Data extracts.
----------
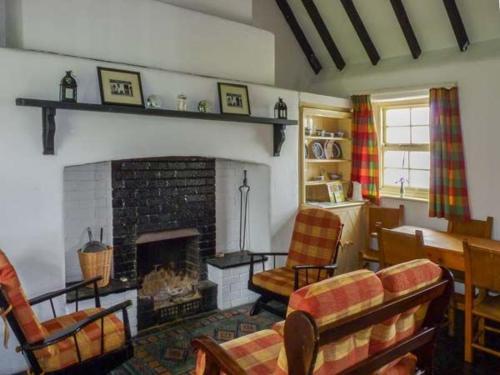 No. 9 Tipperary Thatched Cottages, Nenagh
----------
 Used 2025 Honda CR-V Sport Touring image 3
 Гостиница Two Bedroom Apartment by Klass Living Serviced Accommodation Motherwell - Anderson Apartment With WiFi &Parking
----------
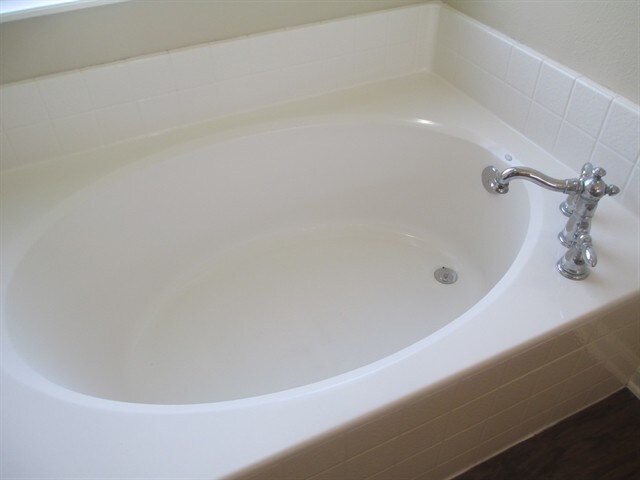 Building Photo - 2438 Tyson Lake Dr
----------
Task description. Restate word for word the entries above from the line with "Used 2025 Honda CR-V Sport Touring image 3" through the line with "Гостиница Two Bedroom", inclusive, leaving out everything else.

Solved exercise.
 Used 2025 Honda CR-V Sport Touring image 3
 Гостиница Two Bedroom Apartment by Klass Living Serviced Accommodation Motherwell - Anderson Apartment With WiFi &Parking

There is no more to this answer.